The total entry was a marginal increase on that of 2022 (by just over 1%). Two questions were attempted by more than 90% of candidates, another two by 80%, and another two by about two thirds. The least popular questions were attempted by more than a sixth of candidates. All the questions were perfectly answered by at least three candidates (but mostly more than this), with one being perfectly answered by eighty candidates. Very nearly 90% of candidates attempted no more than 7 questions. One general comment regarding all the questions is that candidates need to make sure that they read the question carefully, paying particular attention to command words such as "hence" and "show that".
Difficulty Rating: 1500.0
Difficulty Comparisons: 0
Banger Rating: 1500.0
Banger Comparisons: 0
Let $n$ be a positive integer. The polynomial $\mathrm{p}$ is defined by the identity
\[\mathrm{p}(\cos\theta) \equiv \cos\big((2n+1)\theta\big) + 1\,.\]
\begin{questionparts}
\item Show that
\[\cos\big((2n+1)\theta\big) = \sum_{r=0}^{n} \binom{2n+1}{2r} \cos^{2n+1-2r}\theta\,(\cos^2\theta - 1)^r\,.\]
\item By considering the expansion of $(1+t)^{2n+1}$ for suitable values of $t$, show that the coefficient of $x^{2n+1}$ in the polynomial $\mathrm{p}(x)$ is $2^{2n}$.
\item Show that the coefficient of $x^{2n-1}$ in the polynomial $\mathrm{p}(x)$ is $-(2n+1)2^{2n-2}$.
\item It is given that there exists a polynomial $\mathrm{q}$ such that
\[\mathrm{p}(x) = (x+1)\,[\mathrm{q}(x)]^2\]
and the coefficient of $x^n$ in $\mathrm{q}(x)$ is greater than $0$.
Write down the coefficient of $x^n$ in the polynomial $\mathrm{q}(x)$ and, for $n \geqslant 2$, show that the coefficient of $x^{n-2}$ in the polynomial $\mathrm{q}(x)$ is
\[2^{n-2}(1-n)\,.\]
\end{questionparts}
This was only marginally more popular than question 3 and was the least successfully attempted question on the paper with a mean score of 5/20. In the vast majority of cases, there was no substantially correct attempt except in part (i).

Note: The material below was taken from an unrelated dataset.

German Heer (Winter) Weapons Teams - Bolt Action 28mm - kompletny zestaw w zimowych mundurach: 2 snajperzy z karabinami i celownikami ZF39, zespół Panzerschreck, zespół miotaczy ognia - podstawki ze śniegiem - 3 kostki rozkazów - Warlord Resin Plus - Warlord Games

Those that used de Moivre's theorem, expanded binomially, equated real parts and replaced sin²ʳθ by (cos²θ − 1)ʳ, generally scored well in this part, but marks could not be credited where mathematical steps were glossed over when the question stated, 'Show that'. Some attempted use of proof by induction, but their conclusions were not supported by their mathematical argument. Many attempting part (ii) wrote down the coefficient required but made no further progress, or made the expansion and went no further. There were some that did substitute +1 and -1, and solved this part. Part (iii) was solved generally by those that had made the substitutions in (ii) and saw that differentiation might be useful. Part (iv) could be answered using the given results from the previous parts of the question, however this part was almost exclusively only attempted by candidates that had had a reasonable level of success on the previous three parts. Those candidates that set out a careful and organised solution were more successful in part (iv).